Life of Agony Bassist Creates Horror Comic For IDW Publishing
"It's a horror conspiracy story, and as the story progresses, there's an undercover journalist that gets abducted to find out the secret behind the disappearances," Robert told Noisecreep. "And what she finds is totally not what everyone expects."
In the past, Robert has created art designs for various bands including Shinedown, Three Doors Down and Puddle of Mudd, but 'Wirehangers' marks his comic book debut. And he has social networking site Twitter to thank for his introduction to IDW publisher/editor in chief Chris Ryall, who offered him the series.
"Earlier this year, I started going on Twitter to follow some of my favorite comic book artists, and it turned out that Chris from IDW was on there," Robert said. "He's a writer, but I didn't realize he was the editor in chief of the whole frickin' company. And he was writing one of the books I was reading, so I started chatting with him. He happened to be a big music fan, and sure enough, little by little, he showed interest in my idea for 'Wirehangers,' and that's how I got the deal."
While Robert happened to be in the right place at the right time, he's clearly qualified for the gig. As a teenager, he went to art school and got a scholarship to the School of Visual Arts to learn cartooning and penciling. There, he studied under Walter Simonson, who worked on such comics as 'X-Factor' and 'The Mighty Thor.'
"He was a great mentor and really taught storytelling and page layout really well," Robert said. "I was on my way to really pursuing that. But [in my] graduation year, Life of Agony got signed to Roadrunner. We put out ['River Runs Red'], and I went on that path. Opportunity knocked and I just opened the door and left on tour."
Even after he abandoned his training, Robert never gave up on art. In the '90s, he conceived many of the characters that appear in 'Wirehangers' and created the scenes for the comic in buses and dressing rooms around the world. Even after IDW Publishing offered him his own comic, he did most of the work for the books while Life of Agony were on tour.

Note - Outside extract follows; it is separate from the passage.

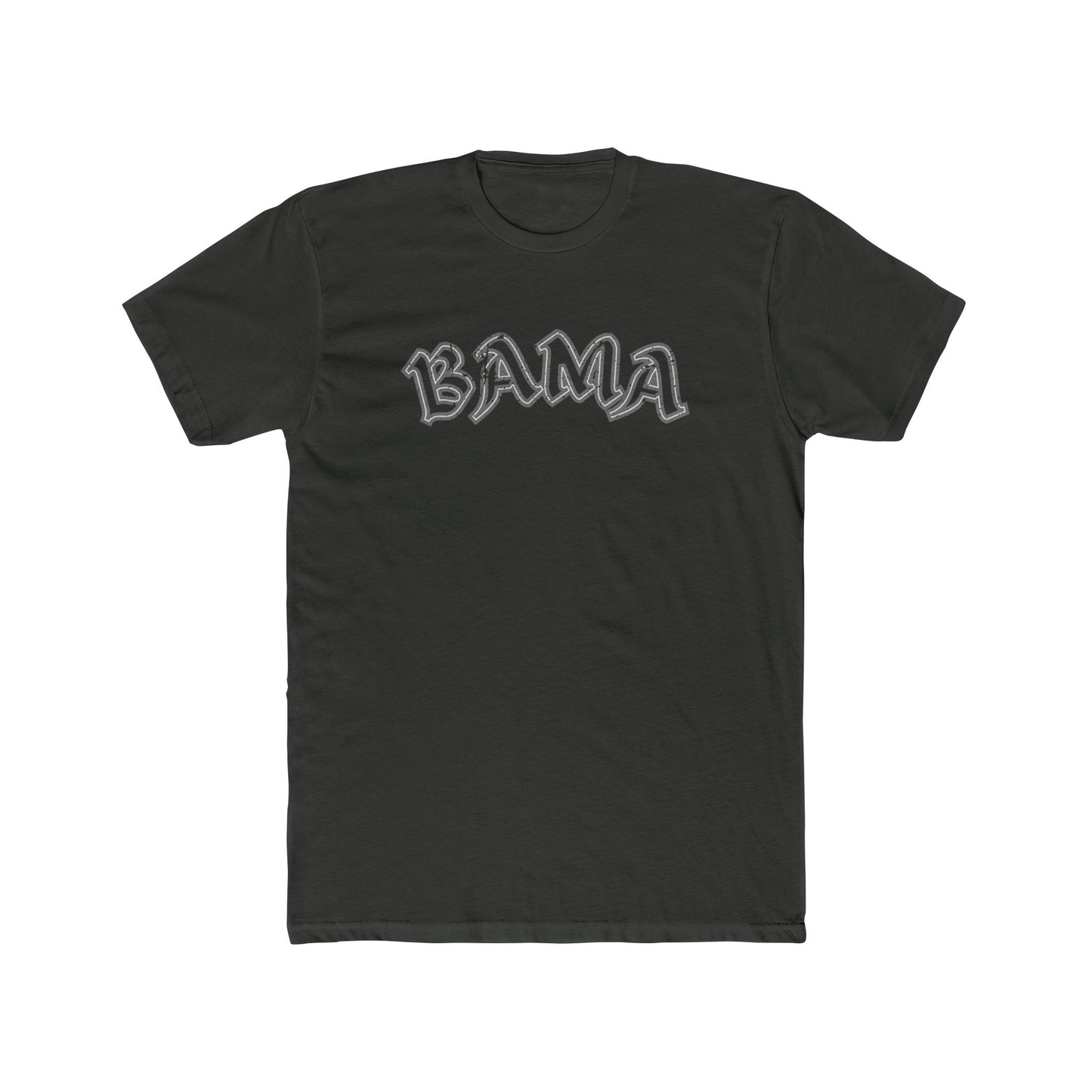 BAMA Men's Cotton Crew Tee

"I had a lot of sleepless nights everywhere," he said. "But you'd be surprised how much time there is to kill on tour waiting around to play an hour set. You show up sometimes at 9 in the morning, and you don't go on until 11:30 at night. So, I would draw all day up until show time, and then maybe after the show I'd color some pages. I was pretty busy out there, but all that work really paid off."